Robotic technology allows for a much safer exposure of the hernia with a lower risk of injury to the intestine and lower risk of bleeding compared with laparoscopy. One of the biggest problems with laparoscopic ventral hernia repair is the use of multiple tacks in the abdominal wall used to fixate the mesh. Now robotic ventral hernia repair almost eliminates the need for tacks. Using the Davinci robot the surgeon is able to sew the hernia defect closed and sew a mesh to the abdominal wall with less pain than laparoscopy.
There are various techniques used in robotic ventral hernia repair. Regardless of the technique, the robot has been a game changer for patient outcomes. Robotic ventral hernia repair is typically less painful and more durable than previous laparoscopic techniques.
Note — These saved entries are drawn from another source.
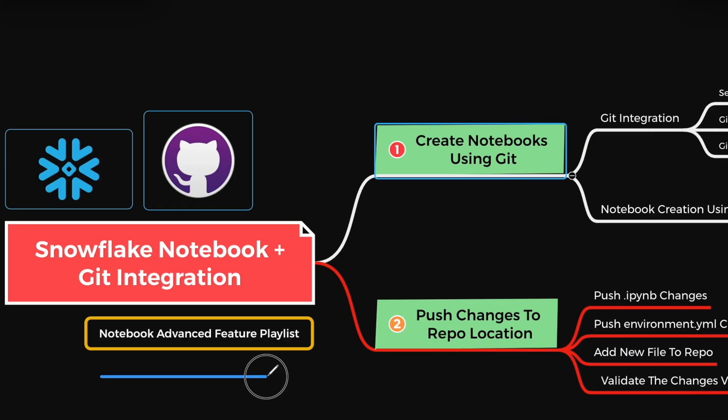So we have covered pretty much about Snowflake notebook git integration. Whether it is GitHub, or GitLab, or Azure DevOps, the process remains same. Hope you got something valuable from this video. If you did, please hit the like button. And this will help others to discover the relevant snowflake video tutorial. And if you think this can help someone in your team, feel free to share. Thanks for watching and happy learning.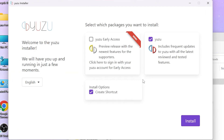This should bring us to the welcome to the Yuzu installer. We're going to see that we already have two boxes checked off: Yuzu and create shortcut. You'll also see Yuzu early access, but that's only for Patreon supporters, so we can ignore that for this tutorial. So now we're going to select install.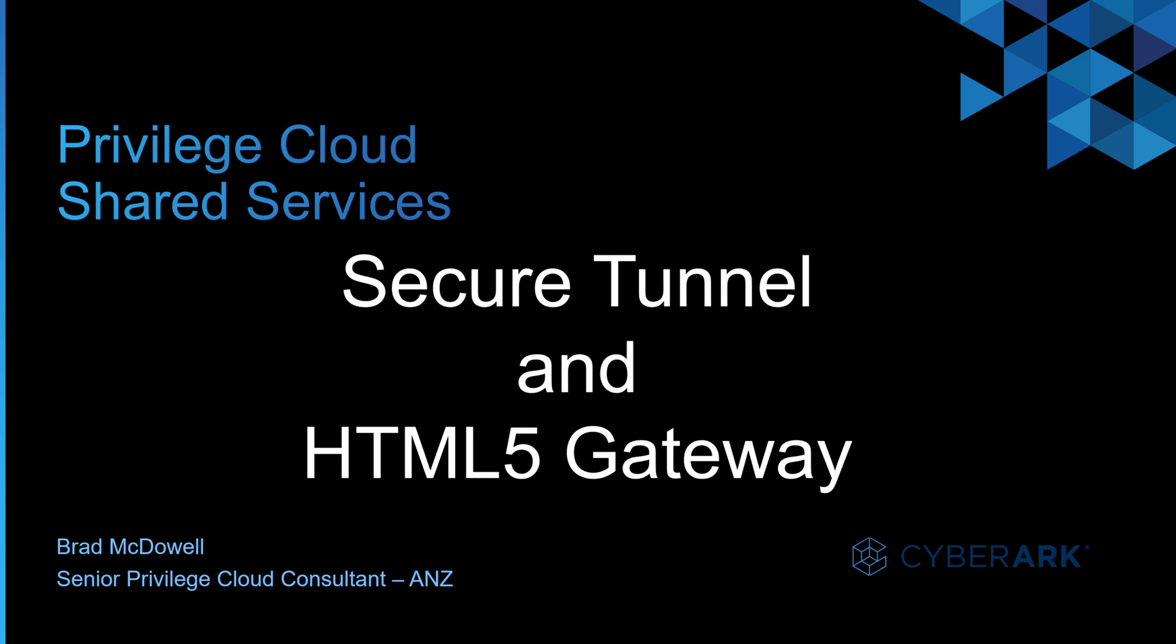And welcome back. In this video, I'll be going through the secure tunnel and the HTML5 gateway configuration.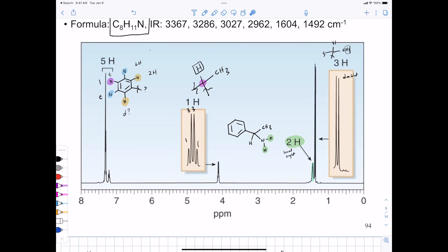Is the ring counted among the four degrees of unsaturation? Yes — three pi bonds and one ring. Also, why is the chemical shift of those NH protons so far downfield? It turns out that protons directly attached to electronegative atoms have a chemical shift that is highly environment-dependent and can appear anywhere across a wide region of the spectrum.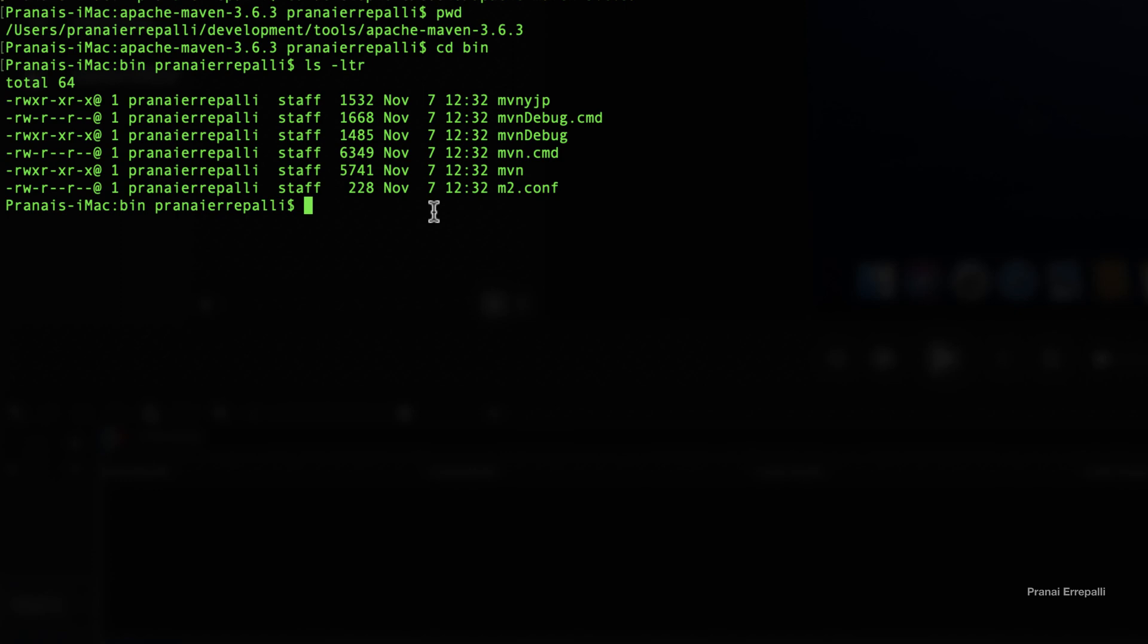Now when you type maven -version, it still doesn't recognize the Maven command.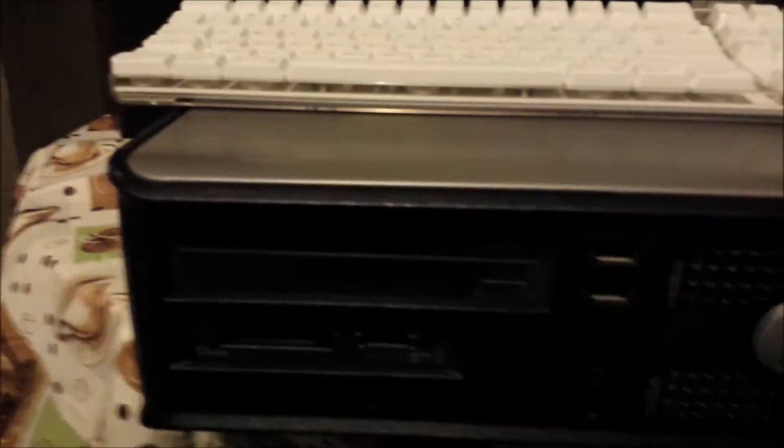All right, I thought I was done, but I guess I'm going to do one more tonight, and this is that Dell Optiplex 745 Core 2 Duo. I know there's no hard drive in it, but let's see what happens.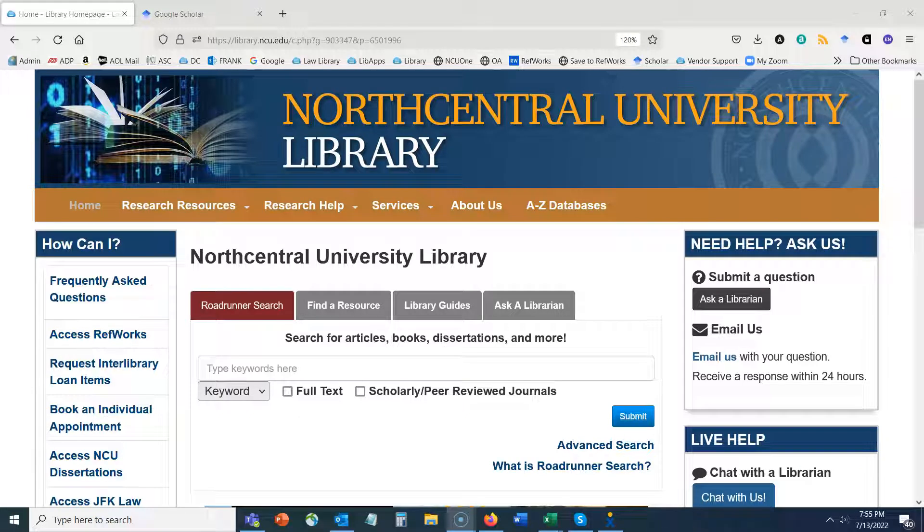Hi everyone, welcome to the library. In this quick tutorial we'll focus on how to identify scholarly journals relevant to your research and how to search within those journals.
Robotic umbilical hernia repair is a major improvement in outcomes compared with laparoscopic umbilical hernia repair. Laparoscopic umbilical hernia repair was an entirely new approach to umbilical hernias compared with previous open techniques. It became more popular in the early 2000s. It allowed for repairing the hernia from the inside wall of the abdomen through 3 small abdominal incisions. The avoidance of a big incisional scar over the area of repair allows for a much lower risk of infection and wound complications compared to conventional open surgery.
Now the use of the Intuitive Davinci Robot enables
umbilical hernia repair with superior visibility and robotic precision. The surgeon's visual resolution is dramatically improved with 3D ultrahigh definition inherent in the Intuitive Davinci robotic system. The surgeon is able to sit down and has much less physical stress than laparoscopy which involves standing and tiring upper extremity movements. Robotic instruments are far more precise and allow for much smoother delicate maneuvers by the surgeon.
Robotic technology allows for a much safer exposure of the hernia with a lower risk of injury to the intestine and lower risk of bleeding compared with laparoscopy. One of the biggest problems with laparoscopic umbilical hernia repair is the use of multiple tacks in the abdominal wall used to fixate the mesh. Now robotic umbilical hernia repair almost eliminates the need for tacks. Using the Davinci robot the surgeon is able to sew the hernia defect closed and sew a mesh to the abdominal wall with less pain then laparoscopy.
Robotic umbilical hernia repair is typically less painful and more durable than previous laparoscopic techniques.